Laura Gonzalez's extended family may have a bakery in Buenos Aires, but glazing pastries and selling loaves wasn't a future she imagined for herself. "She was actually fairly clear that she did NOT want to ever open a bakery," says Anu Haran.
Which is funny, because business partners Haran and Gonzalez now run one of Sydney's best new bakeries: Flour Shop in Turramurra on the upper north shore of Sydney.
It's an unlikely twist in a story that began in an unlikely way: Haran and Gonzalez met on a London train, seven years ago, when it broke down for two hours in the city's west.
"We were seated opposite each other," says Haran. "Laura is very extroverted and is extremely easy to talk to." They chatted about macarons – and why Haran's attempts to make them kept backfiring – and a friendship was sparked.
Although they both worked for Vodafone ("she was in finance, me in marketing," says Haran), they were curious about food and started doing pop-up dinners together, serving 12 people at a time in Haran's living room.

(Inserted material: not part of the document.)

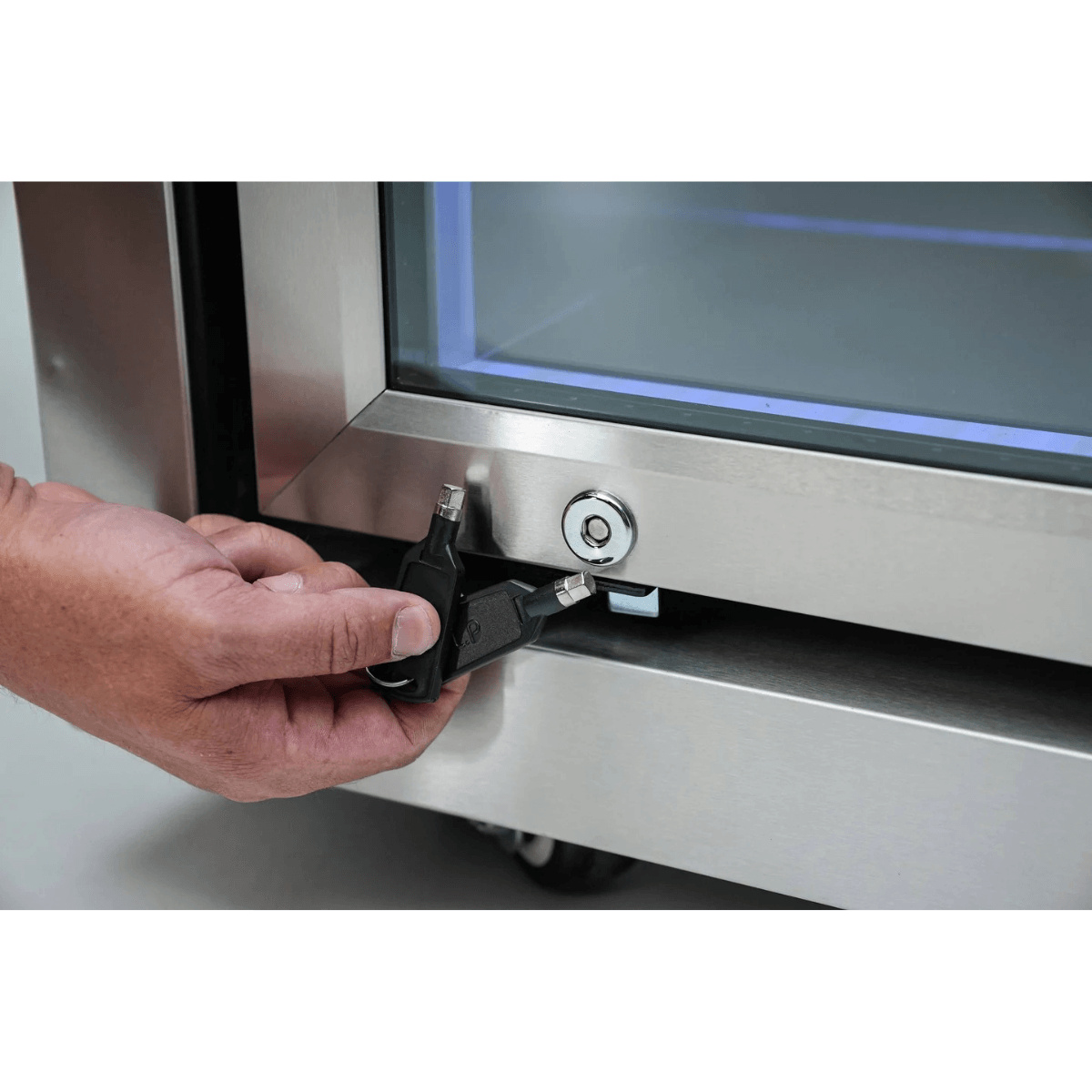 Close-up of the Mont Alpi outdoor fridge lock and key system on a stainless steel glass door for secure beverage storage.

The events sold out so they staged dinners in cafes, churches - any available space. A year later, Vodafone India offered Haran a job. "It was a hard decision, but I decided to move and take the role. As Laura dramatically puts it, 'Anu left me!'"
But they stayed in touch as their career paths diverged. Gonzalez opened a cafe and began getting into sourdough –a necessity as there wasn't a good local bread supplier. Two years later, she got into making dough full-time: catching the 3:00am train to London to clock in for her 5:00am shift at The Snapery, which produces artisan sourdough bread for some of the city's top restaurants.
Haran eventually relocated to Sydney for work but knew she wanted to open a bakery with Gonzalez one day. So she left her safe corporate job to become a dishwasher – the only hospitality job she was qualified for. It was tough: the work was demanding and the pay hit dramatic – she gave up a lot to afford her career change.
"It's our way of introducing people to flavours that we grew up with."
"Frankly, had my husband, Parag, not pushed me on, I would most definitely have quit," she says. As she gained more professional baking experience (at Organic Bread Bar, Pizza Madre and Staple Bread & Necessities), he'd drive her to her shifts – which started at 1:00am sometimes or 4:00am other times – only to catch some sleep before getting ready for his own job.
Gonzalez eventually moved to Sydney and they finally opened the doors to Flour Shop in February. They've quickly attracted queues for their diverse menu: you might see Jerusalem bagels, Swedish kanelbullar (cinnamon buns) and Mexican bread pudding on the counter, or grab a Vietnamese coffee to go.
The owners regularly change pastry flavours, often to reflect their cultural backgrounds: Haran has Indian heritage, while Gonzalez has Argentinean-Spanish roots.
"It's our way of introducing people to flavours that we grew up with – that Argentinean food is not just big beefy steaks and Spanish food is not just paella and Indian food is not just curries," says Haran.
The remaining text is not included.